Peters Projects of Santa Fe is pleased to announce QUADRIVIUM, a four-artist exhibition of Contemporary Native Painting by Tony Abeyta, Darren Vigil Gray, Patrick Dean Hubbell and Mateo Romero opening June 9, 5-7 pm.
A first time these artists are showing together in Santa Fe, the exhibition takes it’s lead from the title, Quadrivium, meaning the highest level of the Liberal Arts consisting of Arithmetic, Geometry, Astronomy and Music. All of these universal qualities are essential elements of these artists work, all of which coincidently live in the Southwest and who draw inspiration from the land of New Mexico.

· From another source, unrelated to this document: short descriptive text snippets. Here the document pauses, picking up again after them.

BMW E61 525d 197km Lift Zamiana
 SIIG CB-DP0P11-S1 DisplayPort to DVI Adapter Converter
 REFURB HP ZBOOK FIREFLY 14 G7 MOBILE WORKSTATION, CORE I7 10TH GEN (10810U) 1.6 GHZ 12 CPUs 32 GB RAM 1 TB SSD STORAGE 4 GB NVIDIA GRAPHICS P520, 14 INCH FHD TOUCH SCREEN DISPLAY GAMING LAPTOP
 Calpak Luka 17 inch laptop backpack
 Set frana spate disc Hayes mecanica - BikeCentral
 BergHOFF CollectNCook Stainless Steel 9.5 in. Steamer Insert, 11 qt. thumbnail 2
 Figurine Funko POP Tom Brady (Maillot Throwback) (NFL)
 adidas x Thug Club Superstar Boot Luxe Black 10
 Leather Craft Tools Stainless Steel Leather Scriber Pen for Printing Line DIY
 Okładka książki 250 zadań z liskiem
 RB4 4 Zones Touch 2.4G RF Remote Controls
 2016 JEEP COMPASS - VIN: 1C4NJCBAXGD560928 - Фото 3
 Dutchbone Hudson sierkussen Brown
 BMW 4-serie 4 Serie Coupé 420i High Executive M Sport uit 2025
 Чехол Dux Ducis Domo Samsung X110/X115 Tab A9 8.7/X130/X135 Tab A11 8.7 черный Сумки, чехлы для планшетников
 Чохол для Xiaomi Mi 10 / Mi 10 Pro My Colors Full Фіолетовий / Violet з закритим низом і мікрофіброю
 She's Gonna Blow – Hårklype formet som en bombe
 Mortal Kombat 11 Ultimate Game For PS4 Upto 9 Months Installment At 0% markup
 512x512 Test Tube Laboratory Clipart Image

Tony Abeyta, who grew up in Gallup, New Mexico, draws inspiration from the colors and textures of the southwestern landscape, as well as his Navajo (Diné) heritage. “I want my work to reinforce the ideology of Indian religion, its strength, its beauty and semblance,” says Abeyta. Starting his artistic training at Santa Fe’s Institute of American Indian Arts, Abeyta went on to receive his MFA from New York University.
Born on the Jicarilla Apache Reservation in northwest New Mexico, Darren Vigil Gray attended the Institute of American Indian Arts as a teenager, and later attended the University of New Mexico. While Native American themes appear in his often-figurative work, Vigil Gray does not consider himself a “Native” artist. His styles are rooted in Post-Impressionism and Abstract Expressionism, and incorporate a wide range of subject matter.
Patrick Dean Hubbell was born in Navajo, New Mexico, and is a Diné artist. His work includes the use of neutral to bold colors, often incorporating earth from the Navajo Nation into his acrylic and oil paints, and using various elements of design inspired by nature as well as the historic four directional cross. Hubbell’s ancestry comes from a line of weavers who are inspired by a long history of integrity in abstraction from the Ganado style. His subject matter often includes upward visions of the sky and stars. Dean Hubbell received his BFA in Painting and Drawing at Arizona State University, and in 2017 was awarded the POLLACK-KRASNER Foundation, Inc. Grant Award.
Born and raised in Berkeley, California, Mateo Romero had an urban upbringing. Yet his connection to the Southern Keresan Cochiti people through his father Santiago Romero, and his experiences on the Rio Grande Pueblo inform his work. Romero received an MFA from the University of New Mexico, and has shown at various galleries in Santa Fe. Romero has shown at the Peabody Essex Museum in Salem, Massachusetts, and is in the collection of the Denver Art Museum.